Monday, March 31 2008

…and three weeks later, we celebrate my other birthday

When I was reading the star-crossed-puppy-love story 野菊の墓, I found myself wondering if the editors at Ask had over-simplified the main conflict, since it boiled down to “you two can never, ever marry, because she’s two years older”. Skimming through the original version (a much slower read, even though it’s easier to look up vocabulary with cut-and-paste), it looks like that really is the reason the whole village is upset about their budding romance, to the point that she’s forced into an unhappy marriage with someone else. Pause for mild culture shock.
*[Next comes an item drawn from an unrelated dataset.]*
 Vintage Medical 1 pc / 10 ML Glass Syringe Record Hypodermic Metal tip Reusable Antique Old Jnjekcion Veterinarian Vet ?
One thing that caught my eye, though, was this passage:

小学校卒業したばかりで十五歳数える十三歳何ヶ月という民子十七だけれどそれも生れが晩《おそ》いから、十五少しにしかならない。

Roughly: “Having just finished elementary school, I was 15, or if you counted months, 13 and some change; Tamiko was 17, but since she was born late, she had just turned 15.” [note the use of Aozora Bunko’s 《》 convention for furigana, in this case glossing the character for “evening” with the word for “late”]

The Ask version just gave their ages as 13 and 15, respectively, but clearly there was something going on in the original. I noted the multiple ages as something to look into later, and then spotted the answer by accident while flipping through my collection of reference books: 数え年. In the kazoedoshi system, you’re 1 at birth, and gain a year on New Year’s Day. These days, the most visible use of this system is probably the Shichi-Go-San festival.